During the dotcom boom in the 1990s, I worked for a VC-funded internet startup. We ran on “web time” and took a move-fast-and-break-things approach.
After a few months on the job, I realized that the startup’s leadership team would pay nearly anything if it meant we could ship faster. This came as a huge surprise. My previous company had Mercedes ambitions on a Kia budget. Although the executive team at that previous company pushed us to go fast, they questioned every expense. When I balked at their scrutiny and at what I viewed as penny-wise, pound-foolish decisions, they told me: “It’s your job to figure out how to do more with less.” So I learned how to be scrappy.
Both companies wanted speed. Both would describe themselves as “fast-paced.” But at the first company, my team had to live within a “fixed envelope.” If I spent more money in one place, there was less to spend elsewhere. It was all a giant zero-sum game. At the second company, the dotcom startup, we existed in an “expanding universe.” There were no hard decisions about budget tradeoffs: everything was an “and.” We could spend money outsourcing effort AND build out our own test lab. Hire more people AND buy tools. If we spent all the money we had, it was OK: the board could always get more. (This was the height of the dotcom bubble, and there was too much money chasing too few good ideas. The board had good reason to believe they could always find more money.)

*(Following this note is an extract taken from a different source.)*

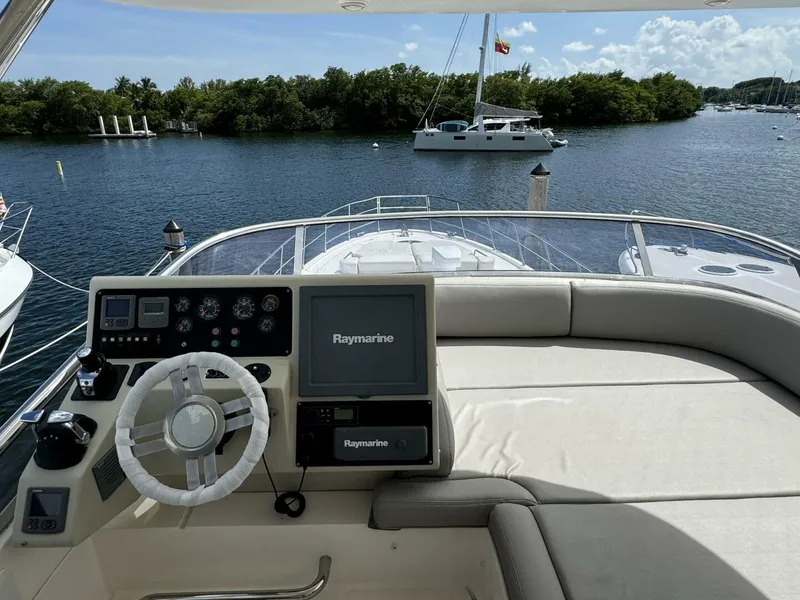 Slide: The Image of 2013 Azimut 64 Fly yacht helm station with Raymarine navigation system. - 26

Instead of being scrappy and holding tight to the purse strings, I had to learn how use money as an accelerant.
Since then, I have successfully led in both expanding universes and fixed envelopes. Managing looks very different in the two contexts. It boils down to a simple guideline: If you’re in a fixed envelope, money is a constraint. If you’re in an expanding universe, money is a lever.

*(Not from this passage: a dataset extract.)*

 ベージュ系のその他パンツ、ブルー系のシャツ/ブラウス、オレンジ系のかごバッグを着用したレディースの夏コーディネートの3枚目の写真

Although it’s easy to describe the difference, the implications are huge. It takes practice to make the mindset shift.
You can take more and bigger risks in an expanding universe. You can give individuals and teams autonomy to experiment and explore freely. In a fixed envelope a single big failed initiative can burn through all your budget, so you have to think in small bets, be disciplined about forming clear hypotheses, put up guardrails around how long to continue any given experiment, and measure the return from those experiments diligently.
In an expanding universe you can focus on opportunities. In a fixed envelope you have to think in terms of governance.
It’s not always obvious which context you’re operating in. I’ve been at companies where my boss told me to spend freely, but then yanked the rug out from under me. You can’t necessarily look to your peers for guidance either: one division can be in an expanding universe while another is in a fixed envelope. Further, circumstances can change from month-to-month or even week-to-week depending on the company’s financial situation.
Many organizations are going through such a change right now.
Although parts of the tech industry are growing (hello, AI), much of tech is in a hiring freeze or laying people off. As of this writing, Layoffs.fyi reports that 837 tech companies have laid off 216,328 people in 2023.
If you are making the shift from an expanding universe to a fixed envelope, it’s a painful transition. You have my sympathy. The good news is that if you can learn how to operate effectively in a fixed envelope, you can be extremely effective in an expanding universe. You just have to know which one you are in.